__EXERCISE__:
Below are records with pictures in them. Transcribe everything from the line containing "Znanstvenici imaju dokaze: Neandertalci" down to the line containing "孩子因被蚊子咬生病? 多地现疫情或危及生命", exactly, and leave the pictures behind.

══ DATA EXTRACT ══

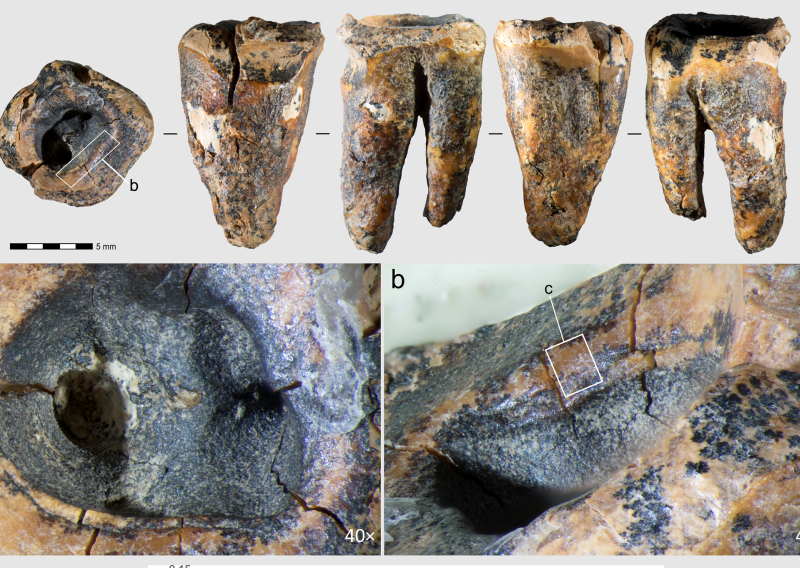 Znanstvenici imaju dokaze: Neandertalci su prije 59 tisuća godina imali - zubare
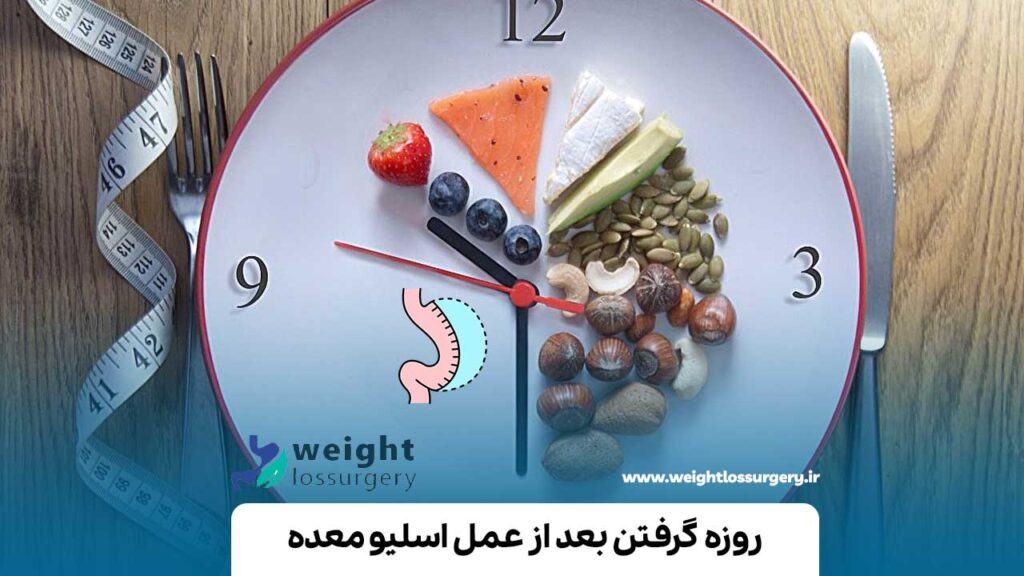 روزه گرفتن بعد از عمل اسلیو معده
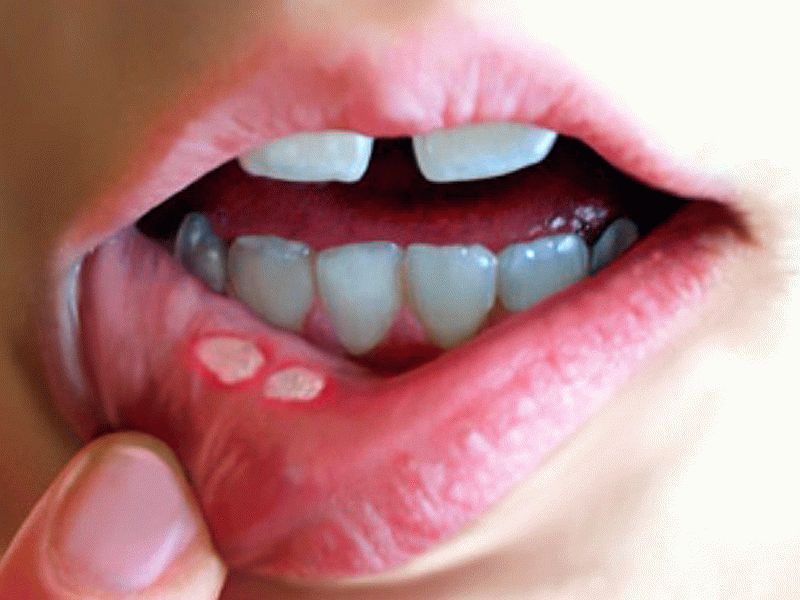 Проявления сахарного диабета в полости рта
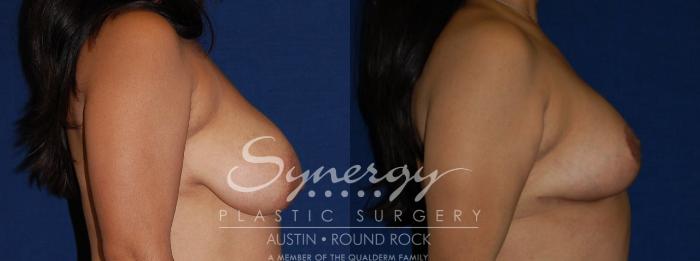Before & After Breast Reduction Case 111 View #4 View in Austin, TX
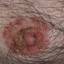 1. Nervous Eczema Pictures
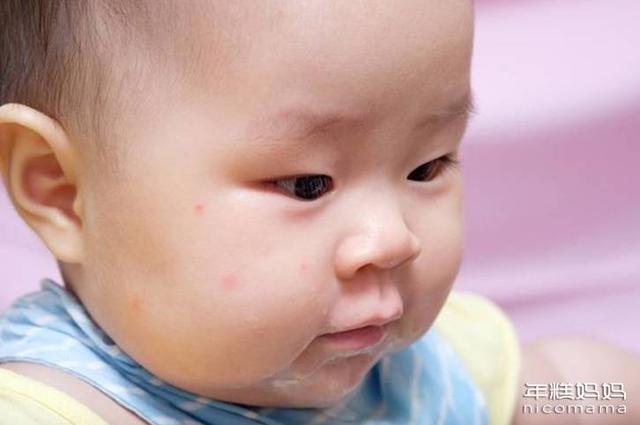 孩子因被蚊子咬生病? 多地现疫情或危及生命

═══
══ DATA EXTRACT ══

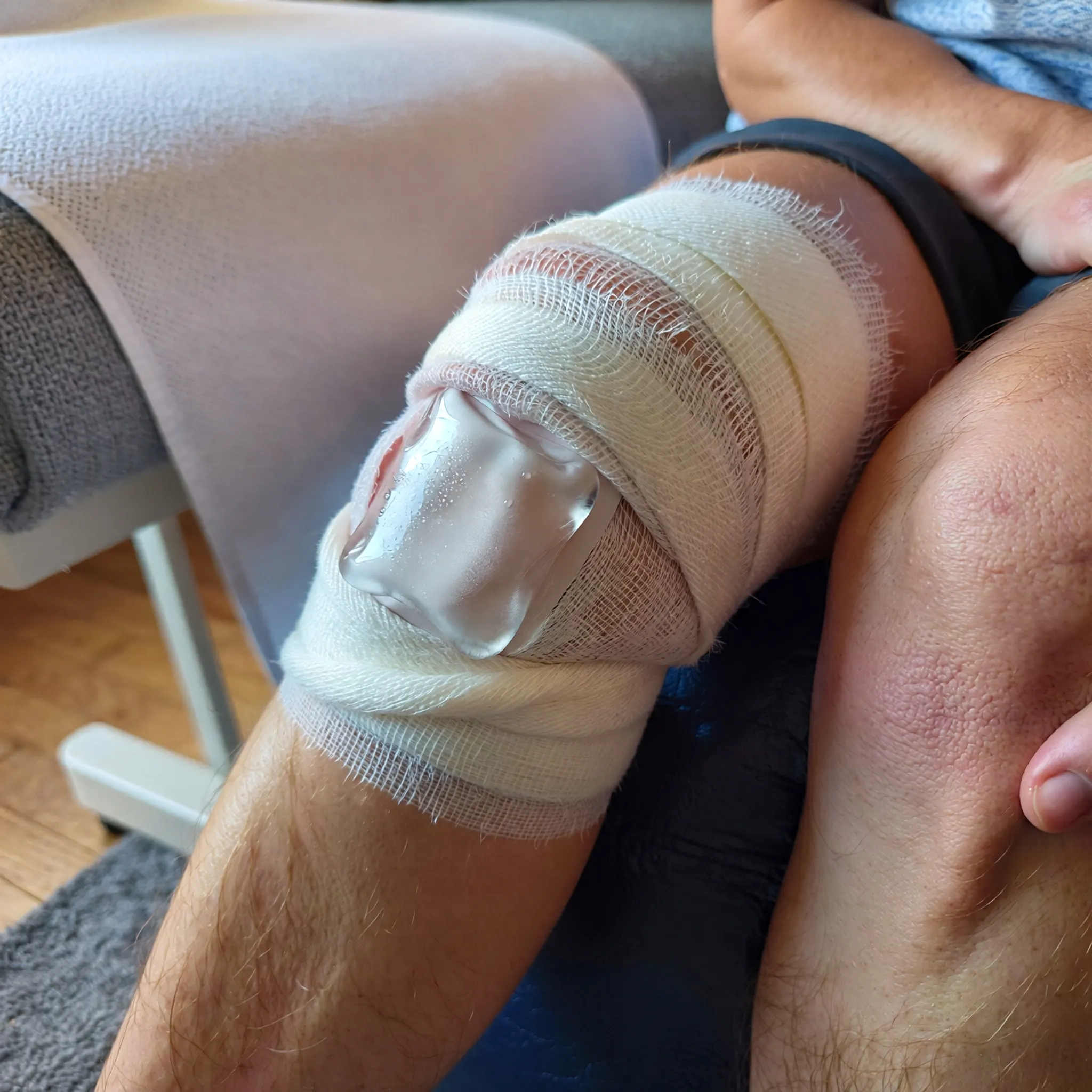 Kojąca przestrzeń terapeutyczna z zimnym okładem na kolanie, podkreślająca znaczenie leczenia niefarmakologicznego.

═══

__RESPONSE__:
 Znanstvenici imaju dokaze: Neandertalci su prije 59 tisuća godina imali - zubare
 روزه گرفتن بعد از عمل اسلیو معده
 Проявления сахарного диабета в полости рта
Before & After Breast Reduction Case 111 View #4 View in Austin, TX
 1. Nervous Eczema Pictures
 孩子因被蚊子咬生病? 多地现疫情或危及生命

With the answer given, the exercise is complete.